A Case Study Automated Continuous Software Engineering Cycle

Abstract

There are different processes and methods in the software development. Automated continuous software engineering is further extension to the existing popular methods, such as, continuous integration and continuous delivery [1], which closes the software development engineering and customer feedback cycle. The automated processes in each phase makes it the most effective and productive process during the software and application development. If fulfils the goal for the customers to verify the system health and further correct the system issue automatically.

Keywords: software development, continuous integration, continuous delivery, continuous engineering.

I. Introduction

From time to time, many software development teams across industry wonder which process to leverage to best suit their needs. That is mainly because different teams have developed different systems or applications, such as, Microsoft Windows, HR web site, and services. Also, it is because people are used to working on the traditional method of developing software, such as, waterfall model [2].

In today’s software industry, there is a trend to move to the scrum method to develop the software. That is because the traditional waterfall method is too slow to catch up with the world change. A modern application which requires to be updated and released into production instantly. During the change, the challenge is how to hammer down the quality, which was traditionally guaranteed by a lengthy system and user acceptance tests.

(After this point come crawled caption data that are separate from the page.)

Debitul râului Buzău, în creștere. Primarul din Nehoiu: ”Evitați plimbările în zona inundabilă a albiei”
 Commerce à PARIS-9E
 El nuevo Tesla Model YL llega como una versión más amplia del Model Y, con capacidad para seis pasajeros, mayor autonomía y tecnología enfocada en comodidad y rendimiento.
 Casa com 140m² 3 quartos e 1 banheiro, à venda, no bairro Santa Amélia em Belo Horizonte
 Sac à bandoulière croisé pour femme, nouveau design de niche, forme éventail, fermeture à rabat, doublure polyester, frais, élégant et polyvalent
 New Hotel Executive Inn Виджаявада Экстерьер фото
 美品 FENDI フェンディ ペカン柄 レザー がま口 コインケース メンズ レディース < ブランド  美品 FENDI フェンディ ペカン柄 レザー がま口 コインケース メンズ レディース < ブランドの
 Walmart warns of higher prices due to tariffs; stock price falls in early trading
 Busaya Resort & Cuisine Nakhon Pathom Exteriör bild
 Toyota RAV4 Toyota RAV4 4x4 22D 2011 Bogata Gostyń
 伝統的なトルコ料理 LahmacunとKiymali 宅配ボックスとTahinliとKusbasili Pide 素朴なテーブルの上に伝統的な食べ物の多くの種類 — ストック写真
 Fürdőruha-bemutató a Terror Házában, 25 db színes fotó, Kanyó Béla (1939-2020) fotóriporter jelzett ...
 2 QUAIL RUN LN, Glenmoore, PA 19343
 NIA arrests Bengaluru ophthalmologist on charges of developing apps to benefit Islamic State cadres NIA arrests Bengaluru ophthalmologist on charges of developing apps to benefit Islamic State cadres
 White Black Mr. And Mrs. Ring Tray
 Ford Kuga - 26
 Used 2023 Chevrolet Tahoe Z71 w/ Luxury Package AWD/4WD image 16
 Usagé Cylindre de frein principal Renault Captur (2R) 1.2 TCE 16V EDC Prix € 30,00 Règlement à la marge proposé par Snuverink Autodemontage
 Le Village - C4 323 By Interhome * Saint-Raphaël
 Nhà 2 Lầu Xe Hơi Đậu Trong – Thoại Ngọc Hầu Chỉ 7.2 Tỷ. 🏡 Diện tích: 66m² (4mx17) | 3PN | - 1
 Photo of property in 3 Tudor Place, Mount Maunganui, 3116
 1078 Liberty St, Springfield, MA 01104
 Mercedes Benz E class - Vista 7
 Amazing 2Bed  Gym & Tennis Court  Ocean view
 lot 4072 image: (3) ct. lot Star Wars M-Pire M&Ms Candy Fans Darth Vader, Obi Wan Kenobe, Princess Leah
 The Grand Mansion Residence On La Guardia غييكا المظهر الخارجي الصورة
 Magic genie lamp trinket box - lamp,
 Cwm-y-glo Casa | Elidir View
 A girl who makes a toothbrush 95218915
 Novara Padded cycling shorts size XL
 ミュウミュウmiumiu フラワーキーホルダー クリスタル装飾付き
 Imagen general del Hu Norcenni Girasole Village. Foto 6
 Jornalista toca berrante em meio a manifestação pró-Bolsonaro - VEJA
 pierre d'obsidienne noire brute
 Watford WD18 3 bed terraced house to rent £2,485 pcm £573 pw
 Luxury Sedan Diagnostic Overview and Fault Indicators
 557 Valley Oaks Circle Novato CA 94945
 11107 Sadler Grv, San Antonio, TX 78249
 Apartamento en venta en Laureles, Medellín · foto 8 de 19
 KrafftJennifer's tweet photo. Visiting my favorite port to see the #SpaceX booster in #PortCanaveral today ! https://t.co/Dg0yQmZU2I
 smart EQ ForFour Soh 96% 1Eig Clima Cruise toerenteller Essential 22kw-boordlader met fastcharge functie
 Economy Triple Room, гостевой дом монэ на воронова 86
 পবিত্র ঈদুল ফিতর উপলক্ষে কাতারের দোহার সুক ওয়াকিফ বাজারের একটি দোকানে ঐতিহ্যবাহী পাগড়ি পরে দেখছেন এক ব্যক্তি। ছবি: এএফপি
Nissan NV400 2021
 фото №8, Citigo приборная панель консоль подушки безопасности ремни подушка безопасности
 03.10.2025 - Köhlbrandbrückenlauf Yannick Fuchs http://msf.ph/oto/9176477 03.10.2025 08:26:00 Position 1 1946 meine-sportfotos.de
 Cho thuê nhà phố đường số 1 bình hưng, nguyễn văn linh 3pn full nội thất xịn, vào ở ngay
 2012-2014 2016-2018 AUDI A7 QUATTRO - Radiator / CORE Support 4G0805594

By nature of software development, we cannot skip the basic processes, such as, environment server provisioning, code compilation & build, code deployment, build verification test, production support, and re-engineering. We cannot avoid those procedures, but can make them as efficient as possible.

Most of the teams focus on one direction, which starts from the engineering development and ends at the production support. But a more and more emphasis is required to put more emphasis on the reversed direction, which is from the production support back to the software development. How to make this process more automated and efficient is a big challenge. This is a weakness area for many teams on system and application development.

Automated Continuous Software Engineering Cycle (ACSEC) is a concept, which sets one goal which is to practice continuous engineering. It emphases on the whole cycle starting from development till production release, and continuously working back from the production monitoring till re-engineering. The key is to automate each phase of the cycle to make the process fast, robust, and efficient.

II. Continuous Build

As soon as the development codes are checked in, a build process is kicked off. This is the first step to verify the code quality to phase out some basic code issues, such as, compilation errors and style & format mis-match, and warning in code metrics.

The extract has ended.